世界最古の博物館・正倉院

正倉院

奈良時代は古代の日本史の中でも特に豊かな時代であったとされています。東大寺が完成し、日本中のさまざまな場所に国分寺が建設された時代です。

このような豊かな時代を治めて聖武天皇は国内外のさまざまな品々をコレクションしていました。そんな聖武天皇が崩御された後、このコレクションは国に献じられ、756年、正倉院に収められました。これが世界最古の博物館誕生の瞬間です。
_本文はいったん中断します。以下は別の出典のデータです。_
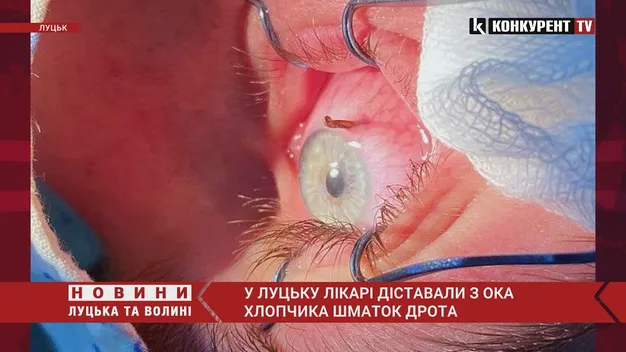 Дріт з батога застряг в оці хлопчика, його врятували луцькі медики (фото, відео 18+)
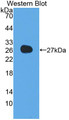 Western Blot; Sample: Recombinant protein.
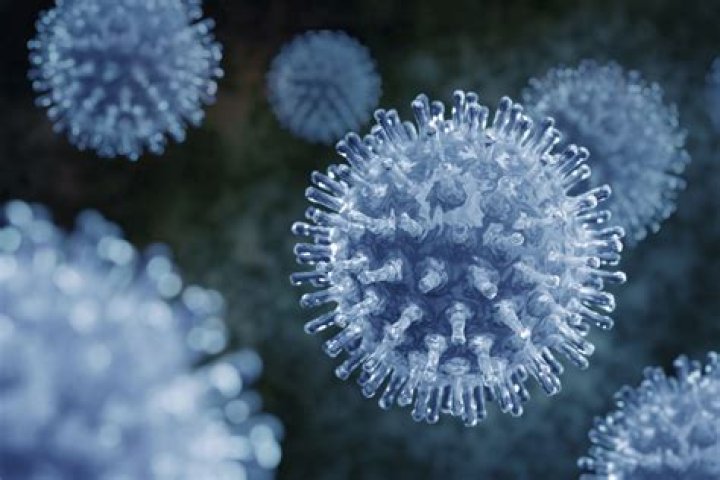 Is viroid a plant virus?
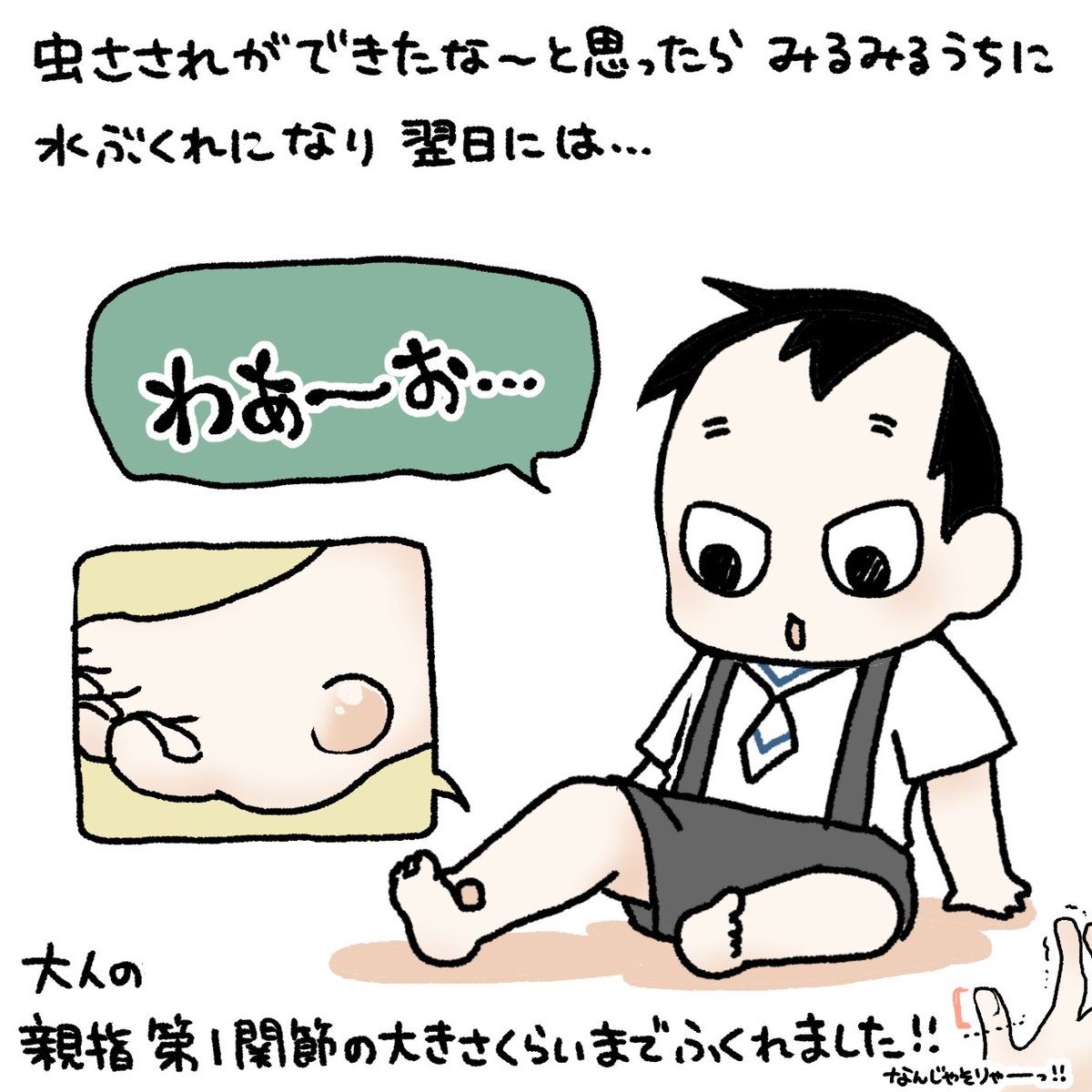 Twoucan 虫刺され の注目ツイート イラスト マンガ コスプレ モデル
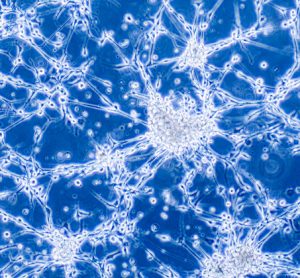 Innovative probe visualises tumours
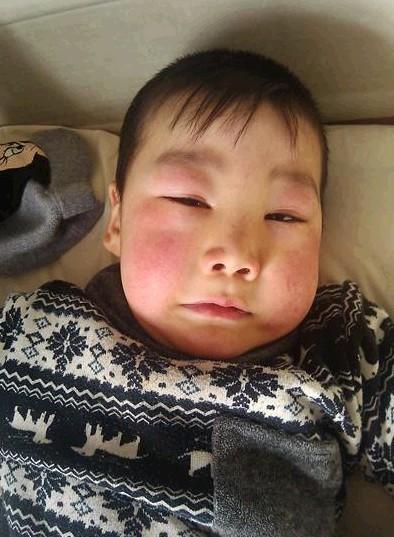 赵子文住院一周后肿消了下来的情况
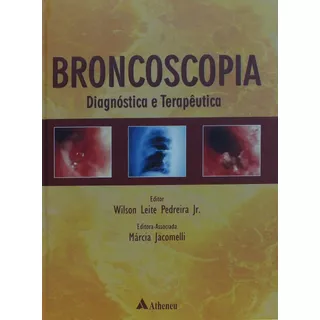 Broncoscopia Diagnóstico E Terapêutica, De Pedreira Jr., Wilson Leite. Editora Atheneu Ltda, Capa Mole Em Português, 2005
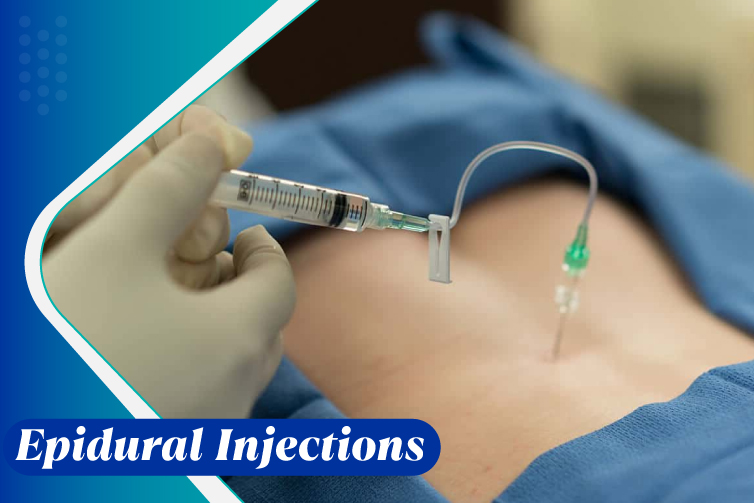 Epidural-Injections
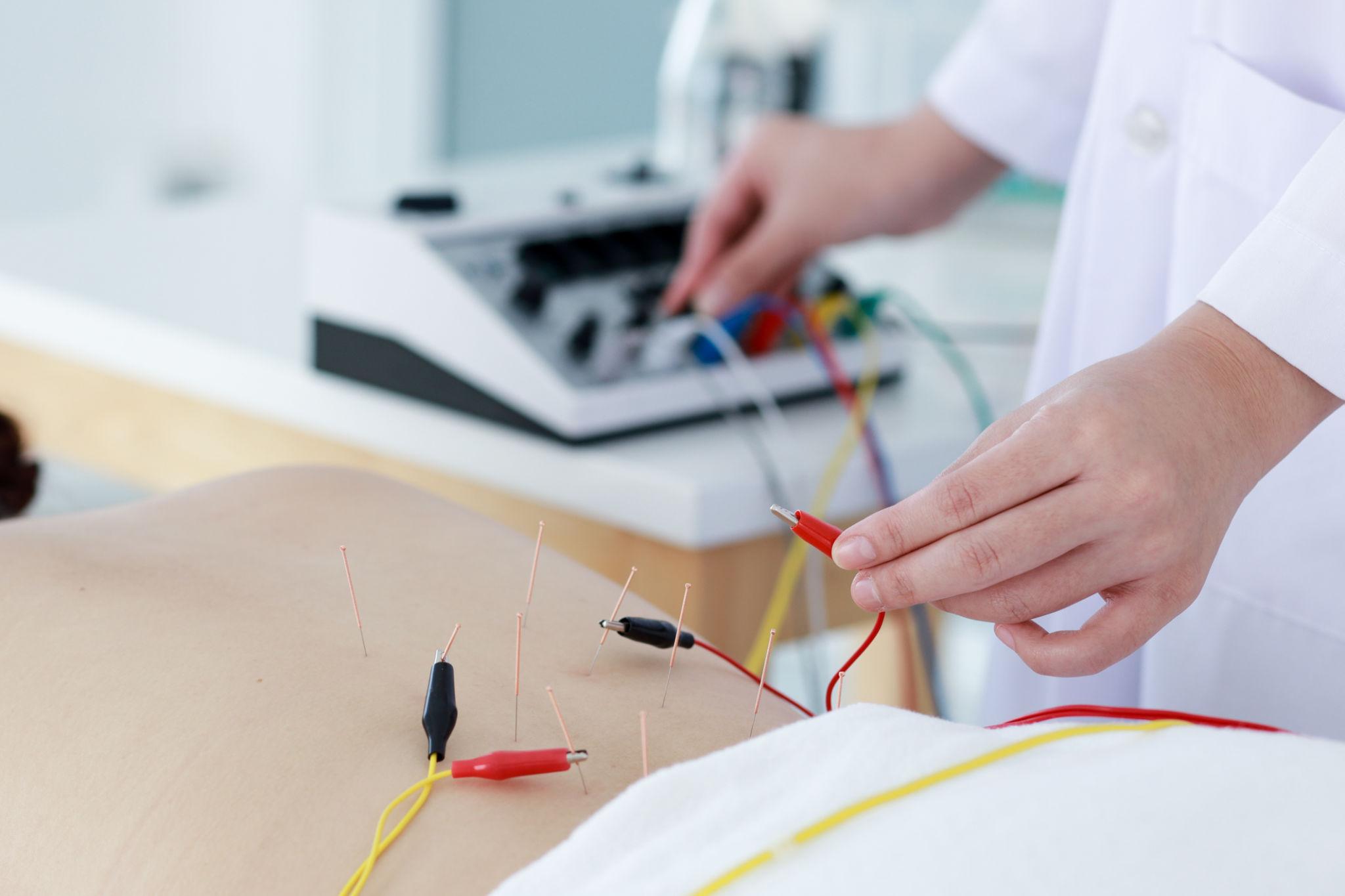 Electroacupuncture treatment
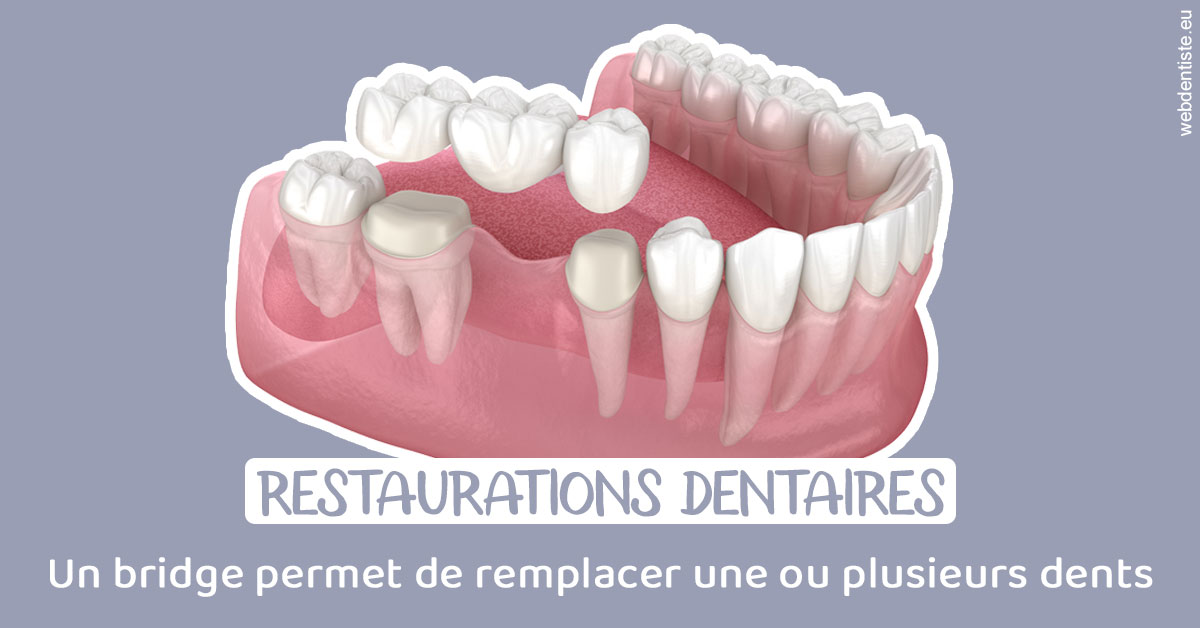 https://www.orthodontiste-nogentsurmarne.com/Bridge remplacer dents 1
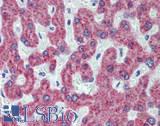 MGST1 Antibody - Human, Liver: Formalin-Fixed, Paraffin-Embedded (FFPE)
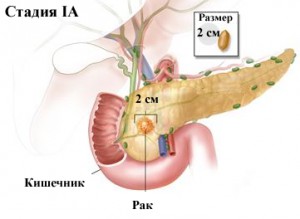 Рак поджелудочной железы. Стадия IА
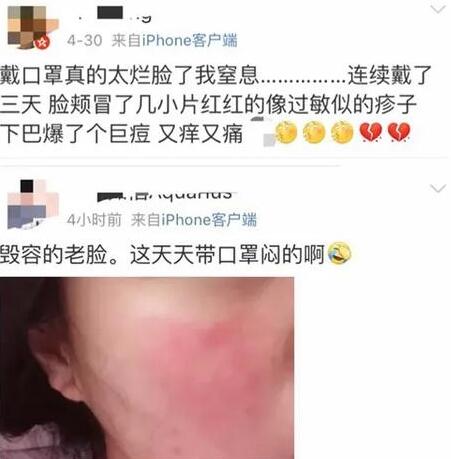 #口罩#小姐姐摘下口罩，当场大哭：医生，我还没男朋友怎么办?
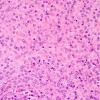 3B5 Meningioma, atypical w rhabdoid features (Case 3) H&E 1.jpg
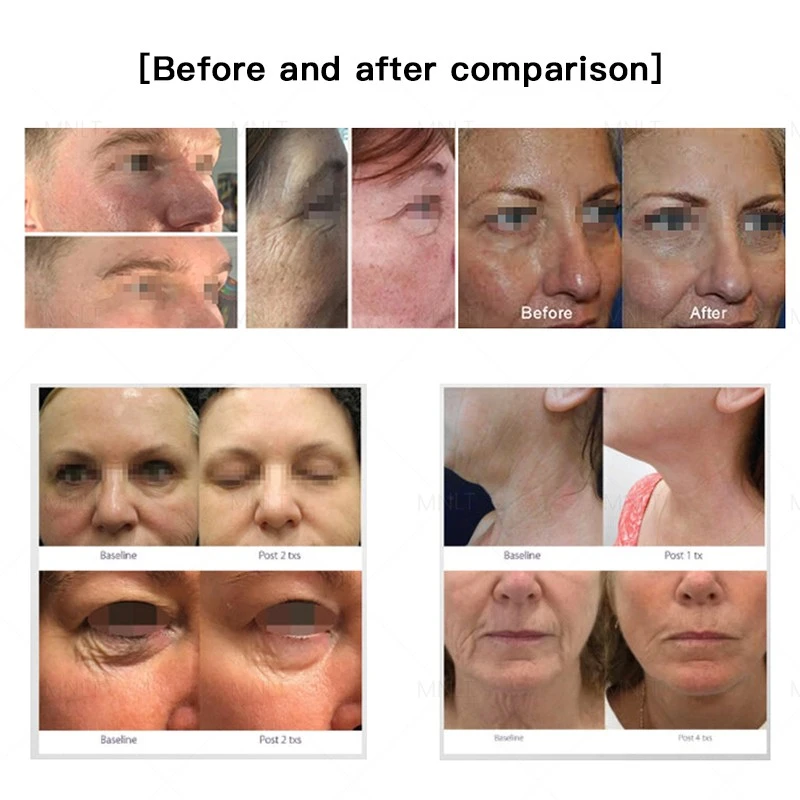 3 in 1 Plasma Machine – Multi-Functional Skin Revival & Anti-Aging Solution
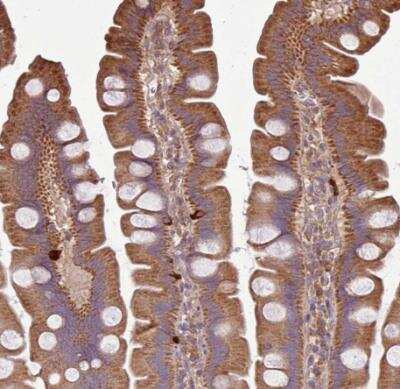 Immunohistochemistry-Paraffin: PLEKHM1 Antibody [NBP2-38449]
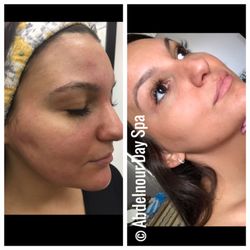 Abdelnour Day Spa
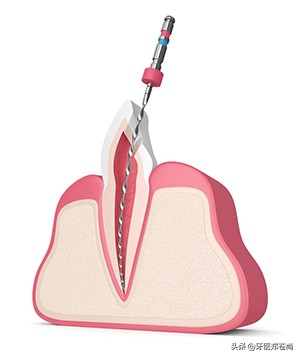 牙齿做了根管治疗能吃饭吗,牙齿做根管治疗后牙根会变色吗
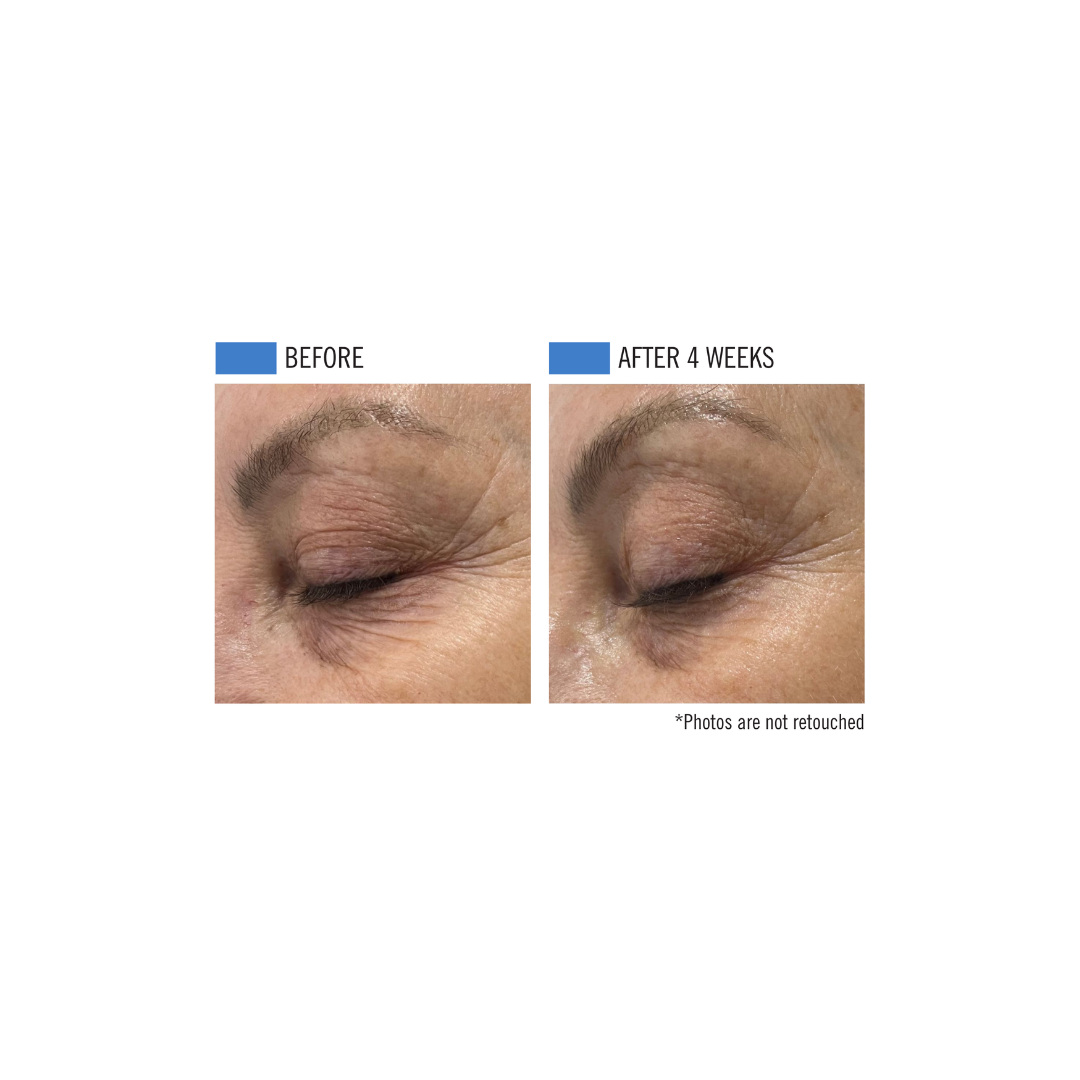 Ultra Adaptive 5-IN-1 Concentrate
王家の財産が革命などの理由もなく国が管理することとなったのは非常に稀なケースです。残された皇后が熱心な仏教徒の信者であり、亡き天皇が極楽へ行くことを願って献上したのがその理由と言われています。
正倉院ホームページ - 宮内庁

正倉院のコレクション

聖武天皇のコレクションの数は700点以上におよび、その一つ一つが当時の最高級品でした。そのすべてに詳細な解説もつけられており、しっかりとした形で保管されたため、現在まで素晴らしい状態で保存されています。

この時代のものが大量に良い状態で保存されているケースはとても珍しく、世界的にも高い評価を受け、「人類の宝」とまで称されています。正倉院への献宝はその後も行われ、現在ではそのコレクションは1万点とも言われています。

当時の最新の設備によって守られた宝

正倉院は校倉造りと呼ばれる構造です。この構造は、空気の吸入や排出作用を持っており湿度を調節することができるようになっています。 その上、殺菌作用のある檜つくりとなっており、宝物の保管には最適な環境となっていました。この正倉院という当時の最新の設備を持った建物であったからこそ、現代まで貴重な宝物を守り続けることができました。この建物自体も高い評価を受けており、現在ではユネスコの世界遺産にも登録されています。

世界最古の博物館と呼ばれる正倉院は、現代の博物館と比較しても多くのコレクションを誇っています。所蔵されている品々の質や、状態も当時としては考えられないほどハイレベルなものとして知られています。

その貴重な建物や歴史まで含めると、大英博物館やメトロポリタン博物館など、世界的な大博物館以上の存在であるといっても過言ではないでしょう。正倉院そのものが、日本が世界に誇ることのできる宝であると言えるのではないでしょうか。